Mathieu Pigné, co-fondateur et batteur de la formation, a eu la gentillesse de nous accorder un entretien au sujet de la fabrication du troisième opus explosif d’Animal Triste.

Animal Triste Jericho Band 3

Frédéric Natuzzi: Le rock a toujours été relié à la musique du diable. « Ave Satan » c’est votre serment d’allégeance ?

Mathieu Pigné: Au rock & roll, pas à Satan (quoique ce n’est jamais très éloigné). Ce titre, c’est surtout un clin d’œil à toute l’iconographie utilisée par le rock -et assimilé- depuis des années. On joue avec les symboles : le cross road de Robert Johnson, les références satanistes souvent utilisées de manière grand-guignolesque chez Slayer, ou encore les pochettes fascinantes de certains trucs de black metal. On n’est pas les premiers ni les derniers, je me souviens notamment de cet album des White Stripes : Get Behind Me Satan. Bref, quand tu penses esthétisme sulfureux, tu penses plus facilement au diable qu’au bon Dieu. Dans le rock, il y a quelque chose de sacré dans cette provocation. On a trouvé ça marrant de rendre un hommage discret à celui qui hante la musique qu’on écoute tous. Et puis, sincèrement, si tu fais allégeance au diable, tu vas plutôt sur Cnews ou Europe 1. On a quand même notre dignité.
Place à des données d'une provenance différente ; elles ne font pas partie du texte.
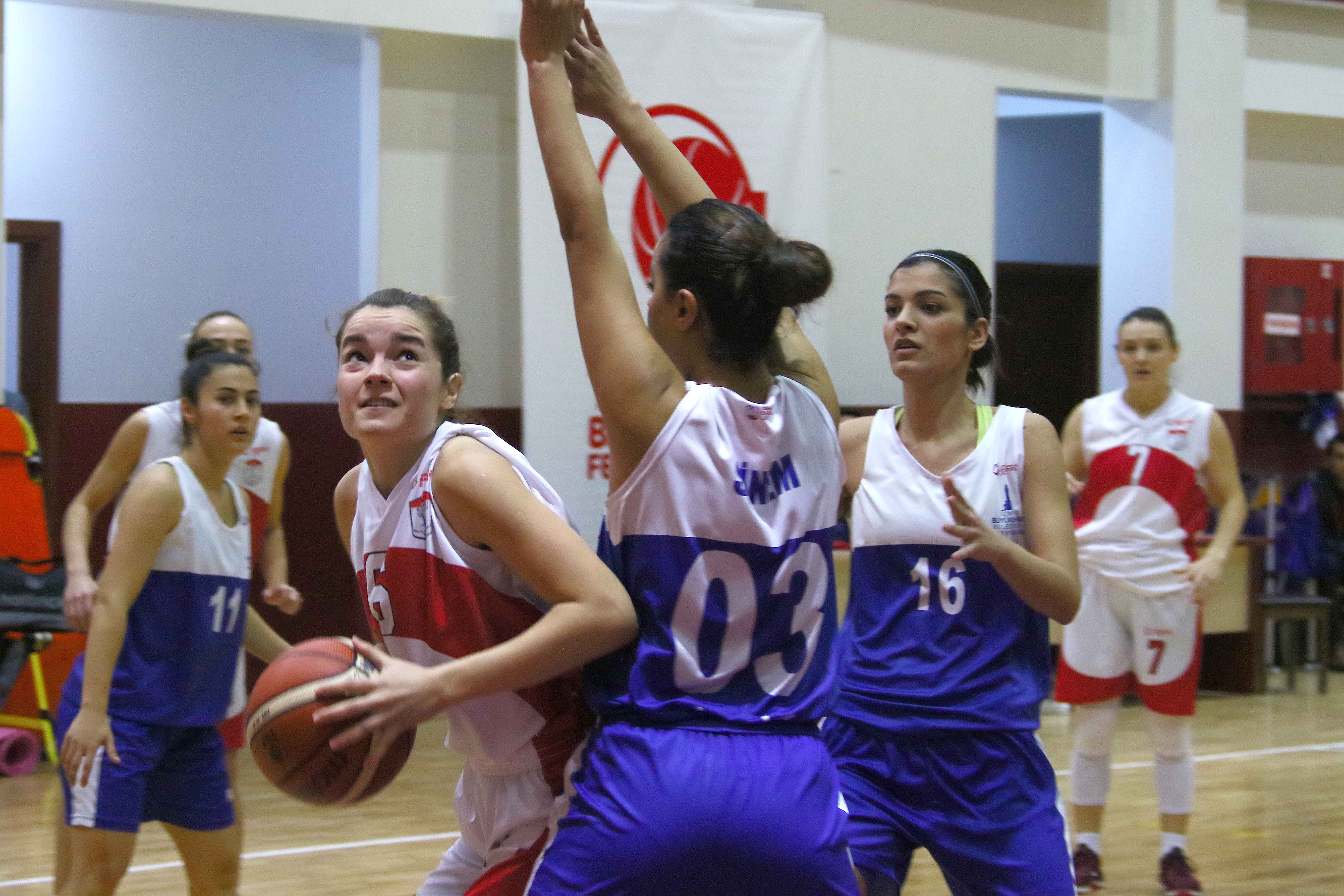 Bayraklı Belediyesi kadın basketbol takımı 16 maçını da kazandı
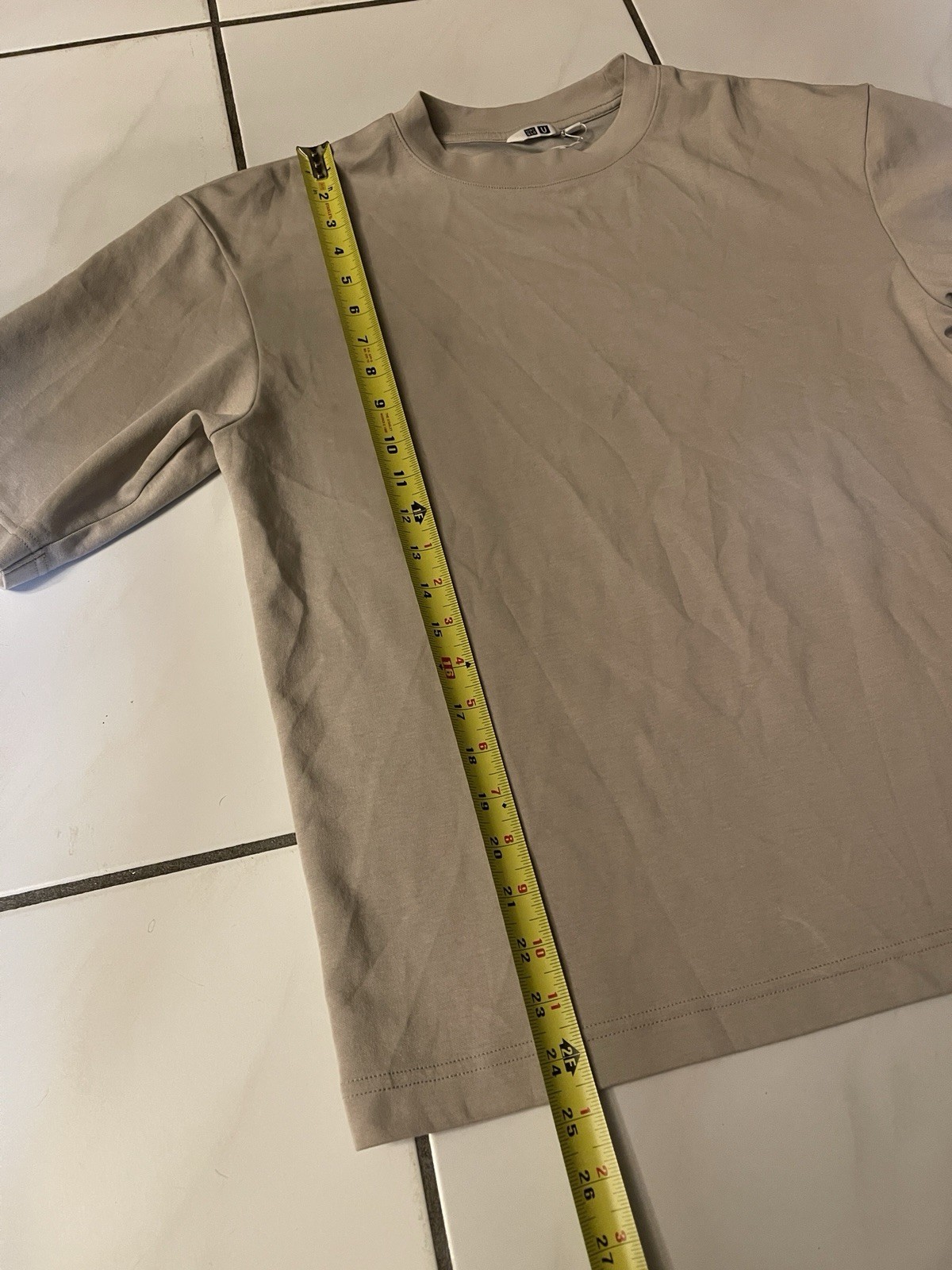 Uniqlo U Mens Size Small Crew Neck Beige T-Shirt Oversized gallery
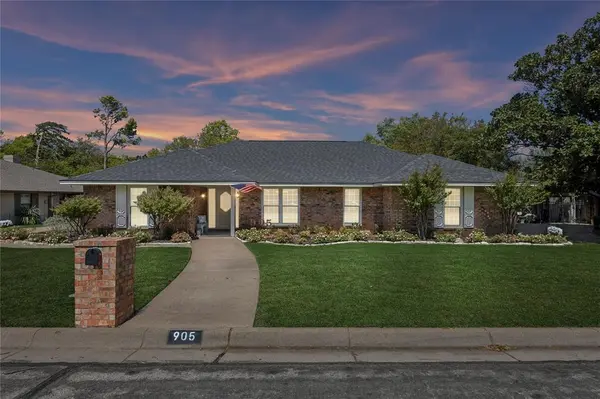 905 Bert Drive, Arlington, TX 76012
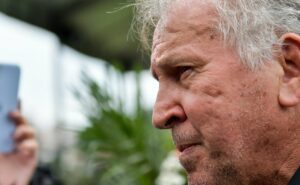 zico não poupa tite e reclama de titular do flamengo na libertadores: "não fica só olhando a bola"; veja vídeo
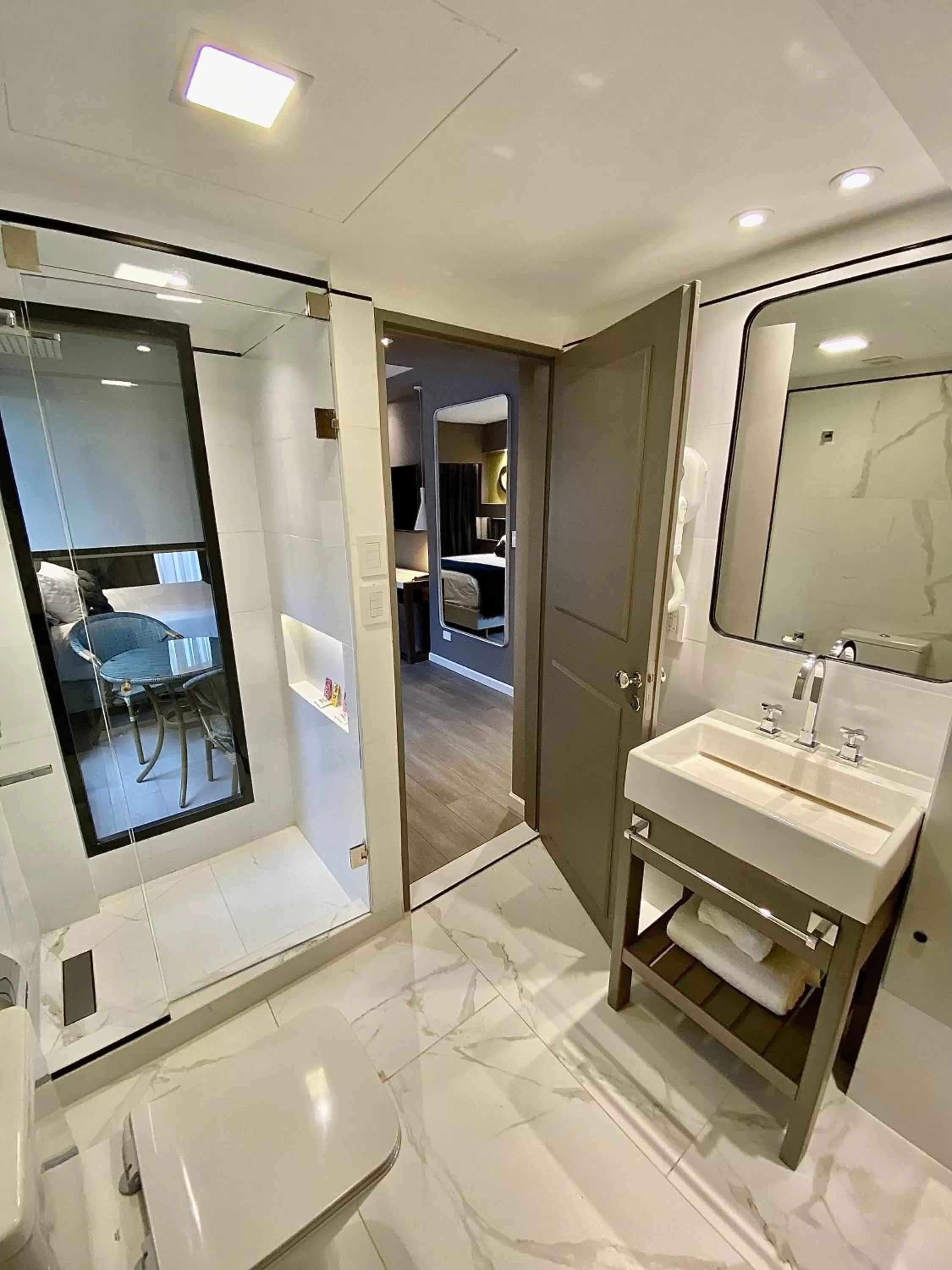 Shower in Up Congreso Hotel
FN: Ce titre, « Ave Satan », est dément. Un mur de son brûlant. Comment a-t-il été construit ?

MP: À l’origine, c’est un thème composé par Darko et pensé comme une musique de film. Quand on a commencé à écrire l’album 3, je me suis amusé à le speeder, juste pour voir quelle substance on pouvait en tirer. Les gars ont rajouté leurs idées, et le morceau s’est transformé en véhicule diabolique lancé pleine balle dans une forêt norvégienne. Comme c’était le premier morceau composé pour l’album, il a fixé la barre très haut, devenant un étalon à la fois puissant et avec des cornes en prime. Sur scène c’est tellement excitant à jouer.

FN: Le terme Jericho embarque une imagerie forte. Vous vouliez jouer avec ces concepts ?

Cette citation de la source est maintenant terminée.